Lent is not about looking more "holy" because you have ashes on your forehead. It's not about fasting so that all your friends can see how dedicated you are. It's not about piously praying several times a day so that those you work with can witness your awesome dedication to God. And I've got news for you; it's not about sacrifice. God doesn't want out lame sacrifices anyway.
When we think of Lent, we automatically think of giving up something, right? We give up sweets, coffee, smoking, technology, drinking, sex (no way!), anger, meat, cussing, etc...etc...etc. And although sacrifice is a vital aspect of the Lent experience, I think it has become a distraction from what what we are really called to as followers of Christ. We live in a culture, and are even part of a Church, that finds it politically incorrect to talk about sin. We don't like to confess sin to one another, because that makes us "bad" Christians. We don't like to hold someone accountable for sin, because that would be judgmental. And let's face it, in the post-modern church of today, sin is offensive. It's become intolerant to even mention sin for fear that others might think we're religious zealots.

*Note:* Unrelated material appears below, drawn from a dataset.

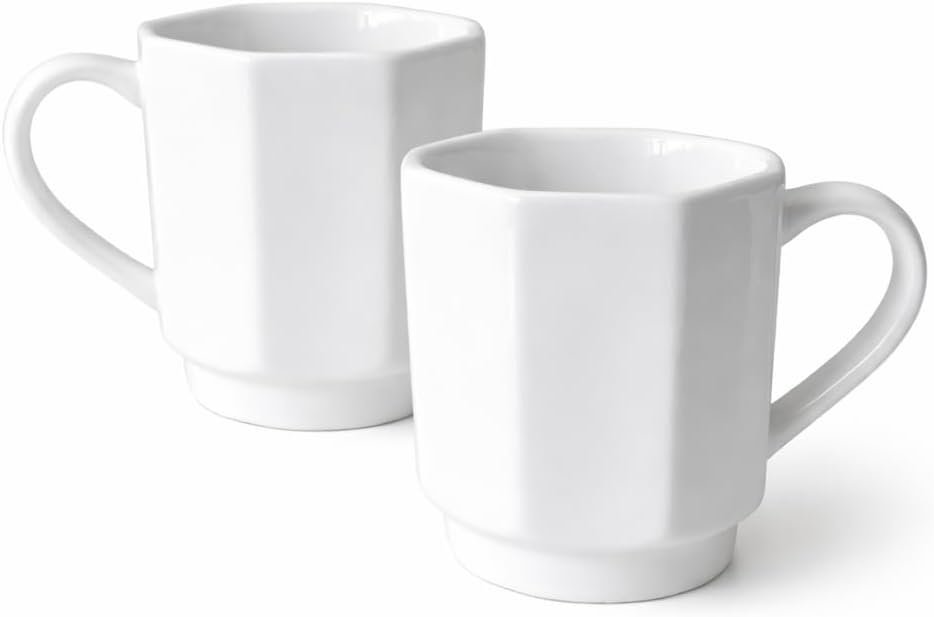 Minimalist White Ceramic Coffee Mug Set of 2 – 12 oz Modern Style Cups – Matte Finish – Elegant Kitchen & Café Aesthetic – Dishwasher Safe - inspired by Italian coffee design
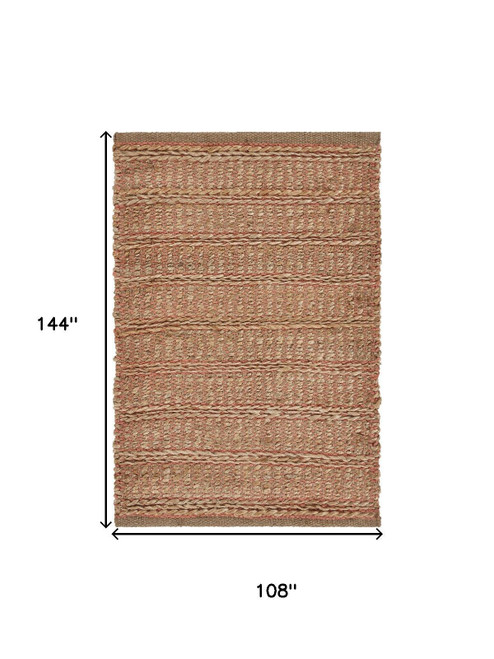 9' X 12' Natural And Pink Jute Hand Woven Area Rug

Now, I am in no way advocating that we pursue campaigns of judging one another, and I'm not suggesting forms of self-righteousness. I'm not even asking us to feel bad about our faults and failures. We carry enough guilt during the rest of the year. Like I said, we're all screwed up to some extent, and those of you that know me know that I'm up there with the worst of them. I guess what I'm getting at is that maybe it's time to observe Lent for what it is: a time of repentance. Repentance is a good thing when you think about it. It's not about some angry person on the street corner screaming, "REPENT!" It's not about doom and gloom, fire and brimstone and God's wrath on pathetic worthless sinners like you and me. Repentance, when you get right down to it, is about loving one another. When we call each other to turn from our sins and turn back to God, we are essentially communicating to them that we care about them. It's about saying to those we love, "Repent! Please! Because I love you and see what a freaking mess your life is! And my life is a mess too! Help me! I'll help you! We're in this together!"
So, as we begin Lent on this Ash Wednesday, let's commit to the discipline of repenting. It really is an ancient discipline, when you get right down to it. Repent! And do me a favor. Challenge me to repent as well, especially when I fall short. Because I will fall short again and again. I promise. Because I'm a mess.